#### Source information:
+++++

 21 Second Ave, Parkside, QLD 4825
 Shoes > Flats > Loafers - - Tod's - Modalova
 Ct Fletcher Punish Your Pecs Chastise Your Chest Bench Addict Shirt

+++++

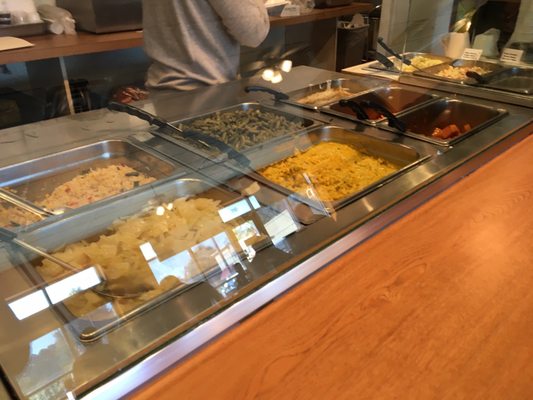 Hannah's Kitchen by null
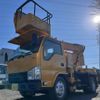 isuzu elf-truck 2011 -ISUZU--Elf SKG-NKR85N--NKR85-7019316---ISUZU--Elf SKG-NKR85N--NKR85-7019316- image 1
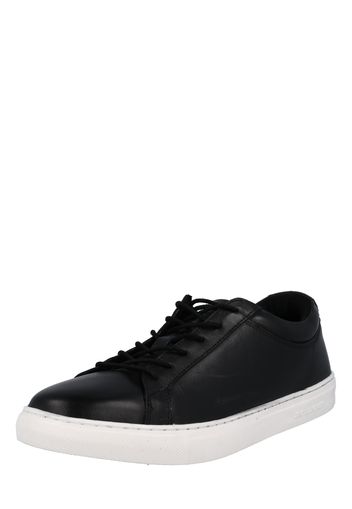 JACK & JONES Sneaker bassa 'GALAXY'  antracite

+++++

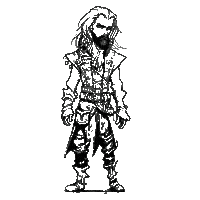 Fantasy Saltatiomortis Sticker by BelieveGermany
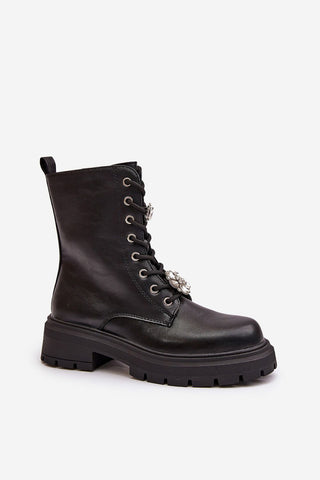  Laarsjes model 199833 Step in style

+++++

#### Exercise instructions:
Where the listing above has a line with "Shoes > Flats > Loafers - - Tod's - Modalova", start there, and output every line exactly through the line with "Ct Fletcher Punish", which is also included.

#### Solution:
 Shoes > Flats > Loafers - - Tod's - Modalova
 Ct Fletcher Punish Your Pecs Chastise Your Chest Bench Addict Shirt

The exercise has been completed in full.